Fictional character created by Mike Allred

Madman is a creator-owned fictional superhero that appears in comic books by creator Mike Allred and which has been published by a number of publishers over the years. The character first appeared in Creatures of the Id #1 (Oct. 1990). His name, Frank Einstein, is a combination of Frank Sinatra and Albert Einstein, and is also a reference to Frankenstein.

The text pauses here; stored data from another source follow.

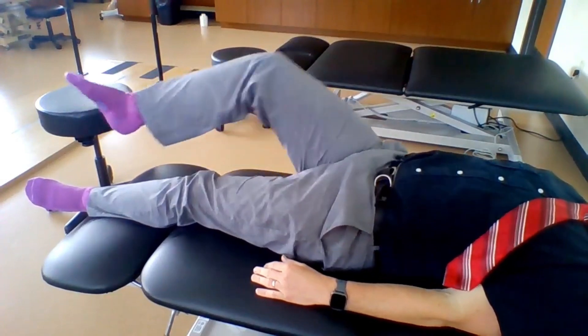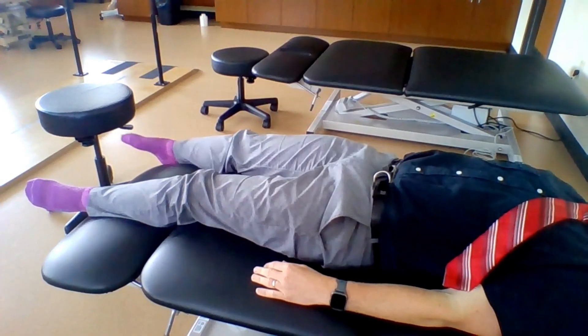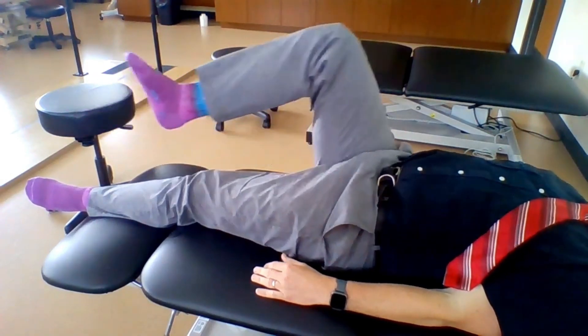Toes up, toes in — drag your heel across your shin is a good way to remember this. This action pulls the toes upward and inward, creating a smooth diagonal motion.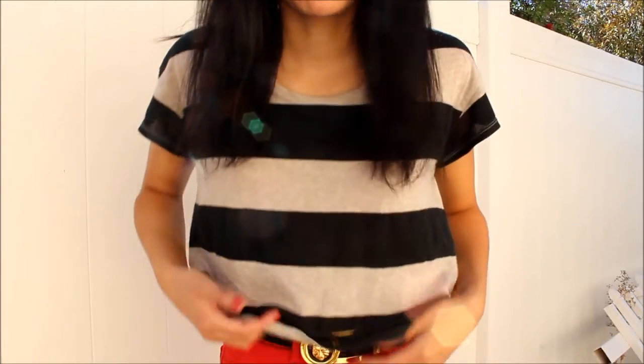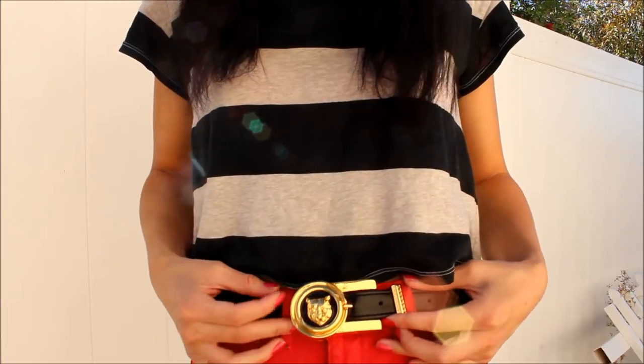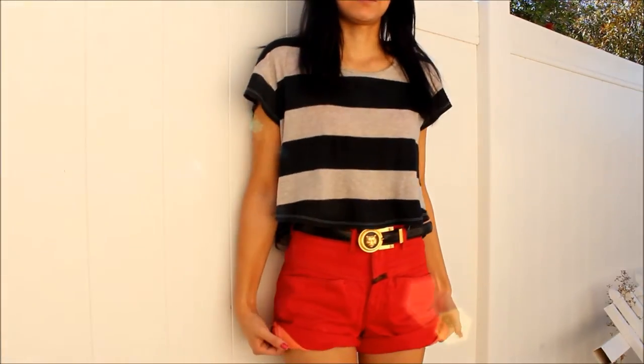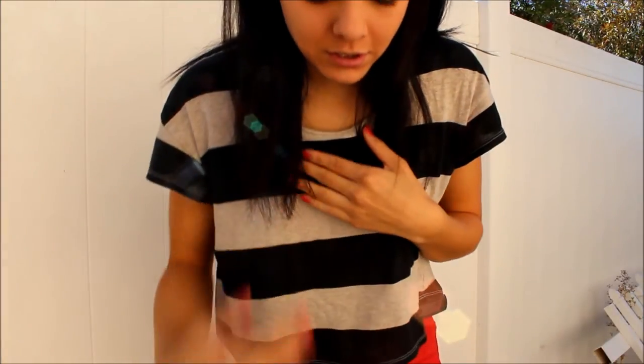Hey everyone! So here's my total outfit, which is this striped shirt — it's like a crop top — and this really cute belt I got from a thrift store, and some shorts that I actually cut because they're capris. Here they are. And then I'll show you the lower half.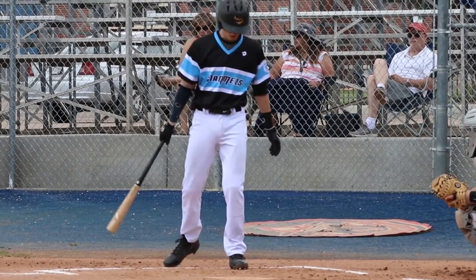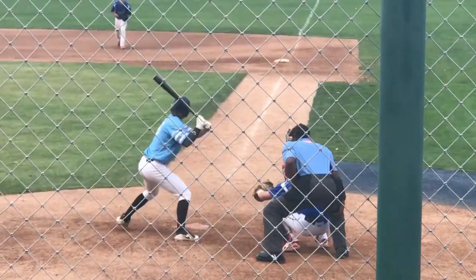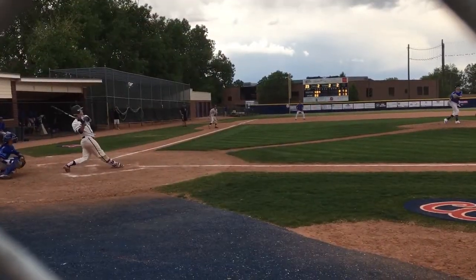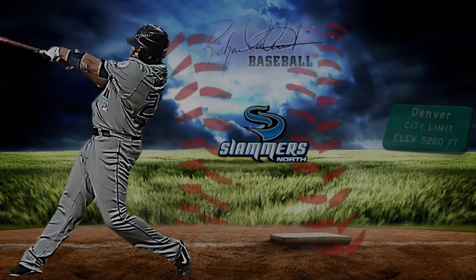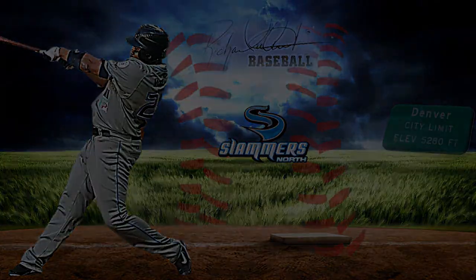So now we're getting ready to walk in the box — ready to hit. See the ball. There should be no thinking involved. You're prepared for that.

==Fictional character biography==
Frank Einstein was born Zane Townsend, an agent of the Tri-Eye Agency. Townsend was killed in a car accident, then stitched back together and brought to life by two scientists, Dr. Egon Boiffard and Dr. Gillespie Flem. This resurrection left him amnesic, and the resurrected John Doe was named after Boiffard's artistic and scientific heroes, Frank Sinatra and Albert Einstein, respectively. The procedure left Frank with amplified physical capabilities with superhuman agility and reflexes and a slight degree of precognitive and empathic power; however, he remembers nothing about his former life, but faint, troubling memories relating to his death. Madman's costume is based on the only thing he can clearly remember: a fascination with a comic book character called Mr. Excitement.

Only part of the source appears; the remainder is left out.